# [The problem]
Retype the entries below exactly, but begin at the line containing "Enviro Microwave Oven" and end at the last line.
== Data extract ==
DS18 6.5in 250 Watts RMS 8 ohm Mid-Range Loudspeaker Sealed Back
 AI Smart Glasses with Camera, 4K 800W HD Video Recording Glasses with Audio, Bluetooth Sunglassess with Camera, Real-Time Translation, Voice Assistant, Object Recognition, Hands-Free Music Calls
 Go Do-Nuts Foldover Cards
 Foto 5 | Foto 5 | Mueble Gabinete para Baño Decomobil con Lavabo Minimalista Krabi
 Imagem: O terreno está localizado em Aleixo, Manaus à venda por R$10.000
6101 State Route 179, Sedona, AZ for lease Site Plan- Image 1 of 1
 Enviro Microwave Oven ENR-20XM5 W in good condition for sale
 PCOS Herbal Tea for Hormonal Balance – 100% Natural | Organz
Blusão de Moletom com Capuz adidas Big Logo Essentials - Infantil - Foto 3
===
# [Result of the task]
 Enviro Microwave Oven ENR-20XM5 W in good condition for sale
 PCOS Herbal Tea for Hormonal Balance – 100% Natural | Organz
Blusão de Moletom com Capuz adidas Big Logo Essentials - Infantil - Foto 3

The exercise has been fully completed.